Ängste und Sorgen sind treue Begleiter privater Anleger. Die Ereignisse der vergangenen Jahre sind zum Teil grausam, und die Krise hat bei vielen Menschen das Gefühl hinterlassen, dass es keine Sicherheit gibt. Das Empfinden ist richtig und wahrscheinlich die beste Lektion, welche die zurückliegenden Monate liefern konnte. Es gibt weder in der Liebe noch in der Gesundheit noch beim Geld irgendwelche Garantien, und daran wird sich nichts ändern.

Hinzu sollte nur die Erkenntnis kommen, dass Geld eine trügerische Hoffnung ist. Wer in dem Glauben lebt, durch Zinsen und Zinseszinsen reich zu werden, sollte den Traum so schnell wie möglich begraben, weil das Leben andere Wege geht. Die Kunst im Umgang mit Geld besteht in der Kunst, es durch Arbeit zu verdienen, den Konsum im Zaum zu halten und Überschüsse in einfache Geldanlagen zu streuen. Dadurch ist der Erhalt, nicht aber die Vermehrung des Vermögens möglich. Umgekehrt bezahlen Investoren, die nach Steuern von 5 oder 6 Prozent pro Jahr träumen und ihre Konzepte ständig über den Haufen werfen, viel Geld. An dieser Haltung verdienen nur Verkäufer und Vermittler, deshalb ist es kein Wunder, dass sie Anlegern ständig in den Ohren liegen, das Kapital in „lukrative“ Anlagen umzuschichten.

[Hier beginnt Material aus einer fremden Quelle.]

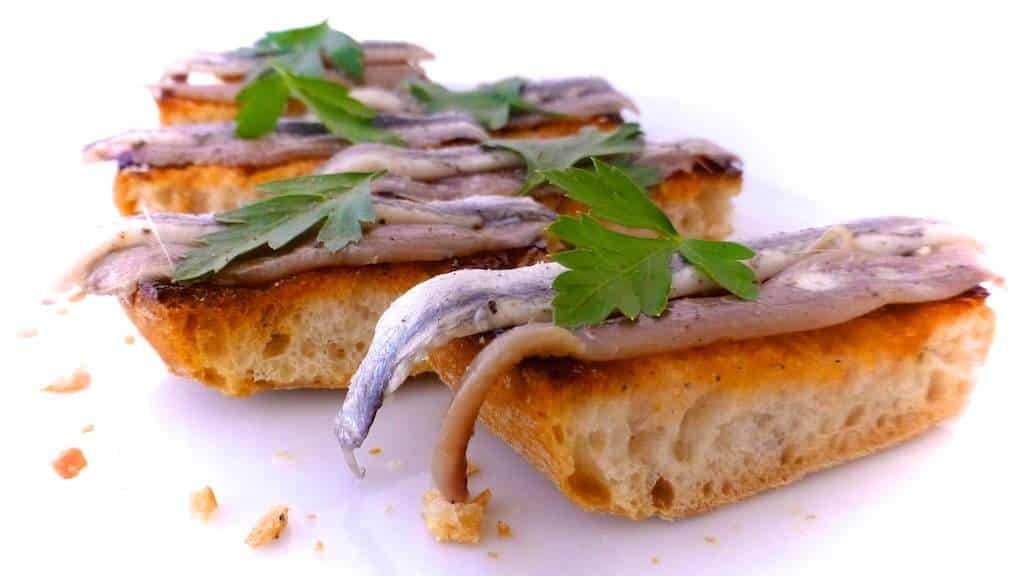 Crunchy Spanish tosta matrimonio or pickled anchovies and salted anchovies on a slice of pan con tomate, the perfect wedding!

Vollständige Vermögenspläne aufstellen

Die Erkenntnis, dass die Bäume beim Geld nicht in den Himmel wachsen, kommen in vollständigen Vermögensplänen zum Ausdruck. Sie beginnen mit der Aufstellung aller Guthaben und Schulden. Dazu gehören nicht nur Aktien, Anleihen, Immobilien und Kredite, sondern auch Arbeit, Renten und Konsum. Einkommen, Versorgung und Lebenshaltung sind für die meisten Menschen aber keine Vermögenswerte - folglich fallen die Positionen in den meisten Haushalten unter den Tisch. Das ist kein Beinbruch, doch die Anleger dürfen sich nicht darüber wundern, dass die Entscheidungen, die aus unvollständigen Vermögensplänen gezogen werden, mitunter fragwürdig und gefährlich sind.

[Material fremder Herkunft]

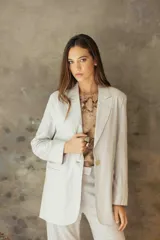 Blazer sastrero de corte recto y fit relajado, confeccionado en lino con hilos de lurex. Presenta solapas clásicas, hombreras, cierre frontal con un botón de nácar y bolsillos laterales con solapa.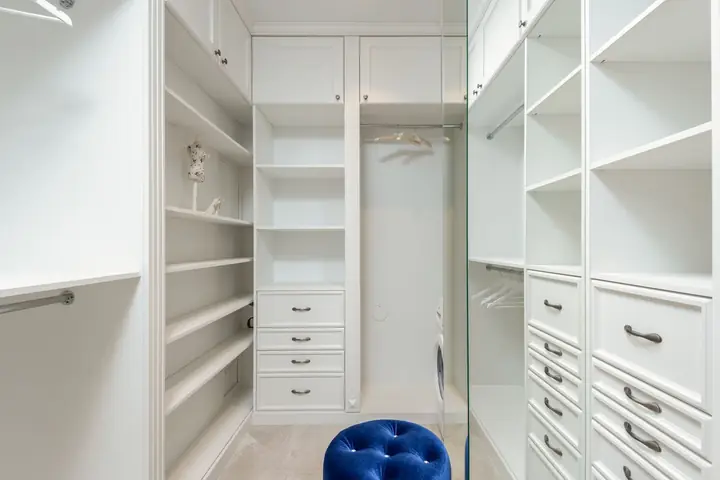 White closet with shelves and drawers and a blue stool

Die fehlende Kapitalisierung der Pensionen führt zum Beispiel bei älteren Menschen zu Ängsten und Sorgen, die unnötig sind wie ein Kropf. Wer 65 Jahre alt ist und einen lebenslangen Versorgungsanspruch von jährlich 24000 Euro hat, besitzt Geld im Wert von 392000 Euro. Dahinter verbirgt sich die Kalkulation, dass der Anleger noch 20 Jahre leben wird und die Zahlungen mit 2 Prozent auf die Gegenwart abgezinst werden.

Was für die Ansprüche gilt, muss natürlich auch für die Pflichten gelten. Die jährlichen Ausgaben für Essen, Trinken, Haus, Auto und Urlaub müssen ebenfalls abgezinst und als Schuld in die private Vermögensbilanz gestellt werden. Wer zum Beispiel jährlich 60000 Euro fürs tägliche Leben braucht, benötigt bei einer „Restlaufzeit“ von 20 Jahren und einem Zins von 3 Prozent mindestens 981000 Euro. Sollte der Wert des Geldes in dieser Zeit jedes Jahr um durchschnittlich 3 Prozent sinken, wird es richtig teuer. Dann sind beinahe 1,3 Millionen Euro notwendig, um über die Runden zu kommen.

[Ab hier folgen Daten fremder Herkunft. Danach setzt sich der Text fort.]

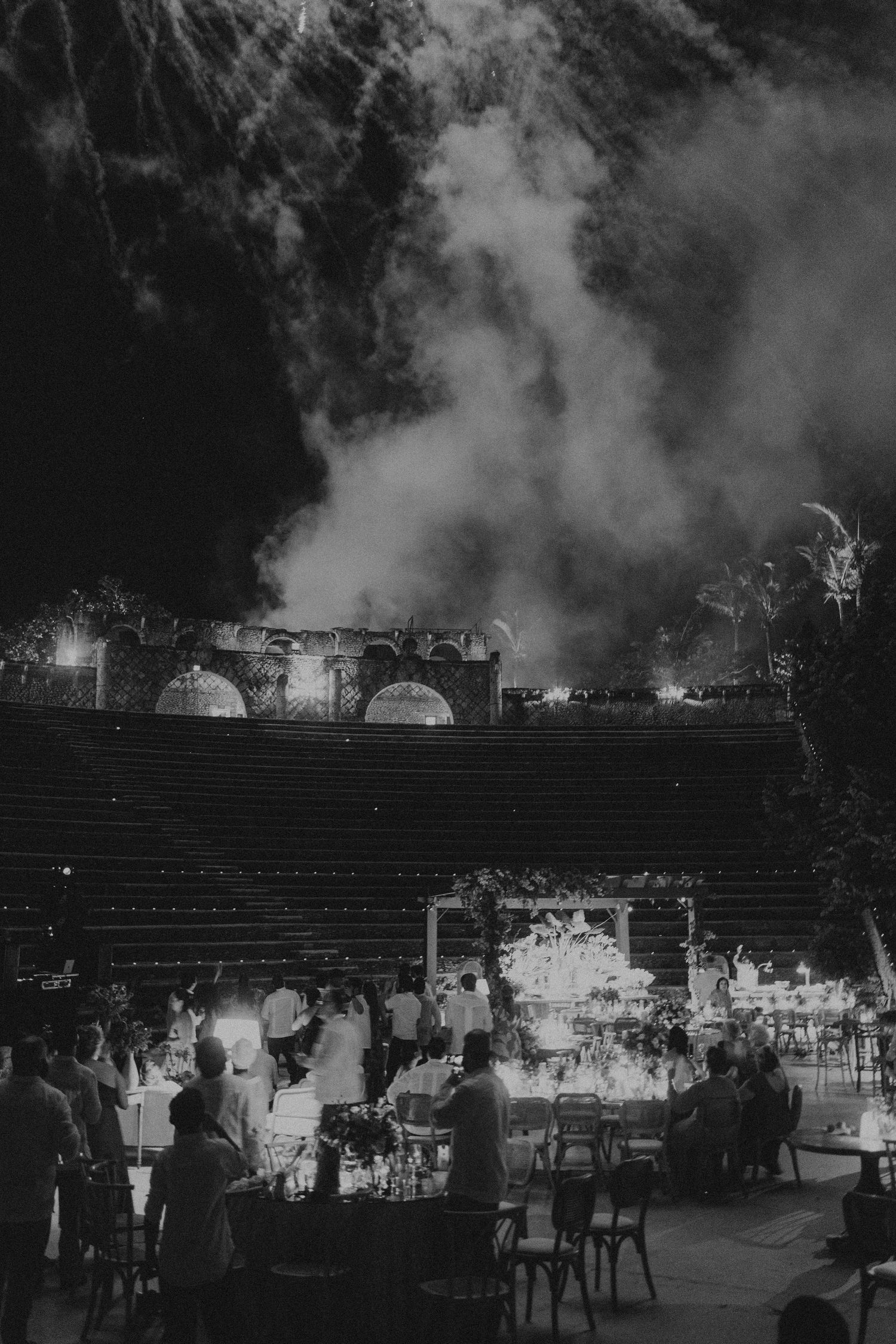 An evening outdoor wedding reception with string lights and dramatic smoke effects.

Anleger müssen sich an hohe Summen gewöhnen, wenn sie ihr Vermögen aufstellen. Die Unsicherheit über die großen Zahlen sollte freilich kein Hinderungsgrund sein, sich mit den Vermögensplänen zu beschäftigen. Sie schärfen den Blick für die wichtigen Dinge des Lebens. Wie das im Alltag aussehen kann, wird in folgendem Beispiel deutlich: Hinter dem Vermögen in Tabelle 1 steckt ein 55 Jahre alter Anleger. Er ist verheiratet, hat zwei erwachsene Kinder, und der Mann macht sich Gedanken über das restliche Berufsleben. Gelegentlich blitzen auch Überlegungen auf, wie der Ruhestand in finanzieller Hinsicht aussehen wird, aber im Augenblick steht die Frage im Mittelpunkt, was bis zum Ruhestand hier und da verbessert werden kann.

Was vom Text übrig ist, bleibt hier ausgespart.